Jacob Steeves (06:43):
It really depends. It really depends. It really depends on what the definition is, you know, and that’s why I was bringing it up. Sure, we’re five years away from better AI. Unless we can unless we can really define what AGI is, I will never, never be able to actually verify whether or not those predictions come true in the first place. There’s this this is interesting result from the from the 60s. They they asked people how how long until we’ll have artificial intelligence. And I believe at that point, they didn’t have this concept of AI, AGI. It was just AI. And and people said 15, 15 years.
And then they asked five years later, and people said 15 years. And they asked five years after that, and people said 15 years. And it always it always is 15 years. And I think I think that has to do with the fact that if you’re asking somebody about something that has no definition, you’re just going to get some sort of binomial distribution that that has a mean. Sorry, like a Gaussian distribution, pardon me, with a mean of around 15 years. That’s just like humans, the human bias for ill defined thing with with that is technologically advanced people to say 15 years. So I, I think that we’re probably 15 years away from AGI, then I’ll just go with the mean of
humanity. Sounds good. Sounds good. I’m very much hopeful to to to see where BitTensor goes in that timeframe. Gosh, you know, it baffles me every time I think about it. Lots of big things are coming up, though. And I want to get into those. Can you maybe tell us a little bit about the parachain network launch on how it’s going? It must be a hectic time for you guys.
Jacob Steeves (08:33):
It’s really exciting time for us as well. Hectic and really exciting, you know, as we as we come up closer to the release of Finian on Jan 10th, obviously, we’re going to have an incredible amount to do to really, you know, smooth the edges of the technological push that we’re going through.
So, you know, Polkadot is a network of networks that uses the Polkadot relay chain to do consensus, to do consensus, merge consensus, so you can move assets across the chains. For instance, you could move Tau to Moonbeam and then from Moonbeam, you can trade and swap, you know, using things like SushiSwap to to move Tau into different different currencies. So that’s going to be really, really, really positive thing for everyone here, especially in terms of liquidity for for miners so that we can really drive the computational side of BitTensor. That’s our our goal here and always is. It’s not about, you know, getting marketing or shilling the coin. It’s about making sure that our miners are able to to afford their compute. And so. That’s one thing that’s that’s going to happen is we’re going to get this liquidity for for the token. I think that’s really positive, but really, really interestingly, though, that, you know, the world’s our oyster once we get into. This ecosystem, because developers can build their own smart contracts throughout the Polkadot ecosystem and host them on other chains and still work with Tau, so, you know, it’ll allow people to build things like validator pools, you know, mining pools, all of that kind of functionality is now, you know, at the fingertips of our developers where it wasn’t before. I mean, right now we have a you know, we have a lot of control over what goes on our chain. And we’ve been we’ve been very cautious about letting people have access to that. But once we get into the Polkadot ecosystem, it really becomes the Wild West for what happens outside of our chain. And people can even build their own chains and connect them into Polkadot if they want to use Tau for some other purpose. That’s a really interesting thing that we don’t really know what people will do. And but it really excites us what, you know, the potential there.

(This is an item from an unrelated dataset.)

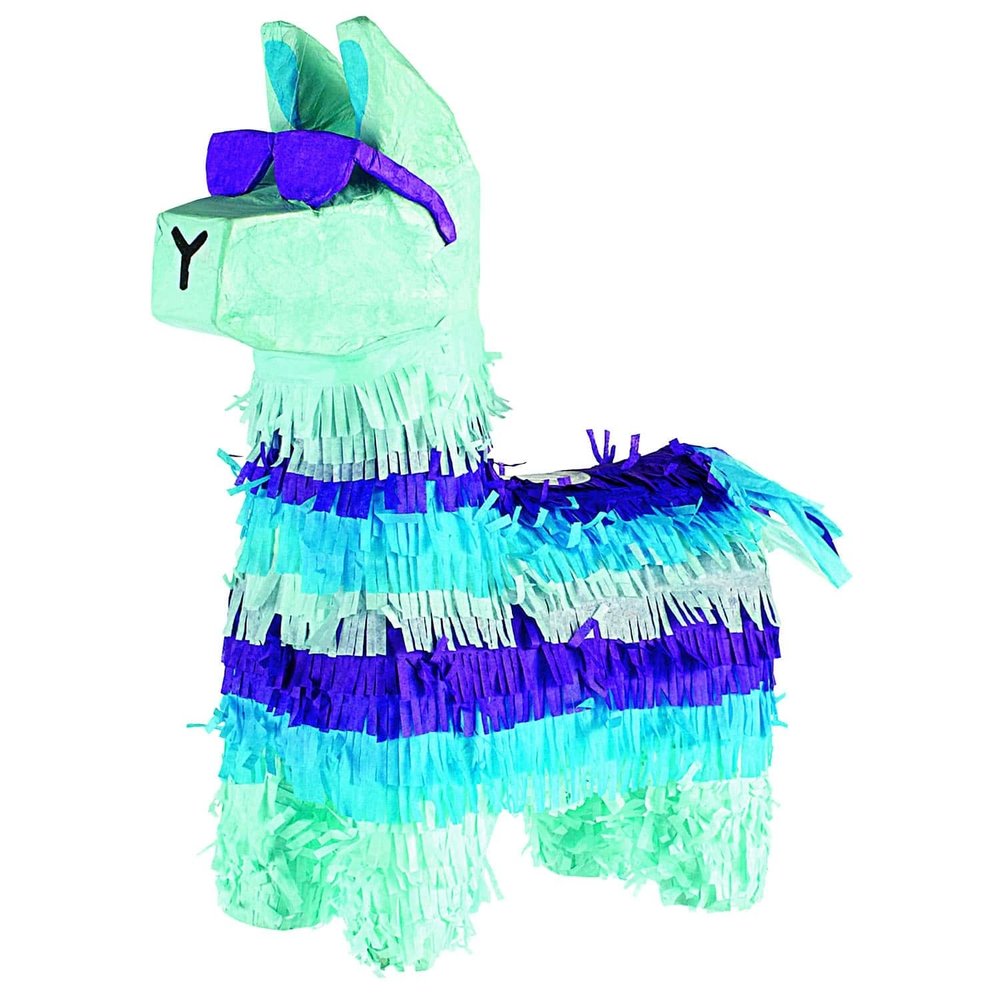 Pinata Fortnite Lama | 48cm Pinata Fortnite Lama | 48cm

Yes, Konstantin, am I correct in assuming that this, you know, becoming a dot ecosystem parachain would probably be the biggest publicity that BitTensor has seen so far, just given that you guys have been, you know, intentionally just, you know, low key and not really, I don’t see you guys having spent any time really shilling anything for forever, actually, pretty much.
Jacob Steeves (11:07):
Yeah, we don’t do that. And the reason is that we want people to mind. We don’t really, really, really want to push the, as you said, shilling side of BitTensor, because we believe that the price will always reflect the size, computational size of our network. And so we, you know, what you focus on, you master it. And, you know, where we put our intentions, that’s what we’re going to get good at. So that’s why we haven’t done that. But yes, of course, when we get into Polkadot, there’ll be some attention. And, you know, interestingly, today, I was added into a Telegram group with some other founders in the ecosystem, and they already know about us. So our reputation precedes us in the ecosystem. And I think that it’s going to be really interesting once we get into the relay chain. Some of these other communities will be able to interface with us directly. They’ll be able to buy and sell Tau, and maybe that will drive them into our community also.

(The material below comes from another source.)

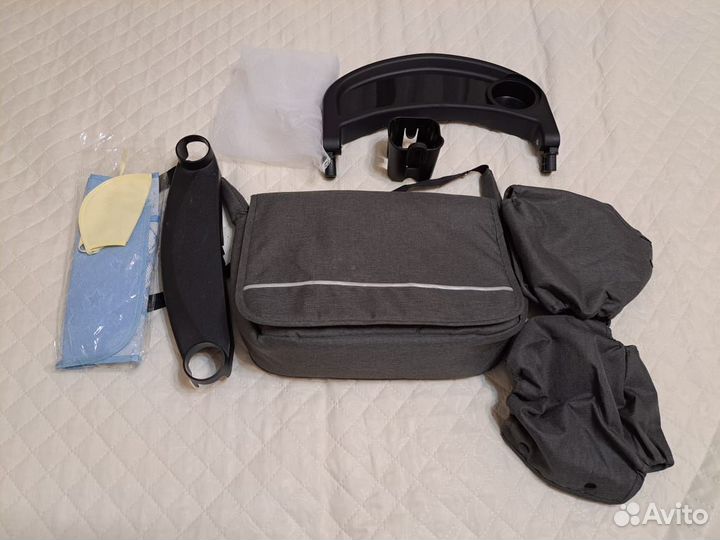 Продается коляска 2в1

Absolutely, yeah. I noticed a lot of the questions that people come in and ask on Discord, you know, many of them are things that are dependent on being able to do a smart contract or other times they’re just like, hey, I just want an easy way to buy Tau, you know, rather than currently. And I feel like so much of all of that will come, if not at, you know, shortly thereafter with the parachain. And of course, I have this feeling now that I’ve gotten to love the tensor that, oh, my God, the cat is getting out of the bag, and it’s going to get busy, and it’s going to get a lot of attention. Yes. I have this, like a strange feeling about it.
Jacob Steeves (12:51):
The child is leaving the house. Exactly. As we, you know, when we move to that ecosystem, we also lose a hell of a lot of control over the chain, which is good, which is where we want to be, right? The whole concept of decentralized technologies is that it’s not just one person that can control it. And so that’s our direction. And, you know, the step is, like I said, it’s our child leaving the house. We’re relinquishing control for the betterment of the technology itself. You know, things I’m really excited about are the potential for us to build the rails into the KLEE, where we can do cross-chain transfers and things like that. I mean, wouldn’t it be amazing if you could just do BT KLEE, you know, transfer BT KLEE swap and move your TAO in and out of the relay chain into different currencies, potentially then just transfer those other currencies into whatever cloud hosting provider you’re using and pay for your compute. Makes really smoothing that market where in the smoother we can make it, like the less edges in terms of the relationship between the demand for TAO and the price of computing. That’s going to really drive the size of the network and make sure that it is expanding to the scale that we want it to expand so that we can reach, you know, up into the realms of hyper-hyper computation. Right, right.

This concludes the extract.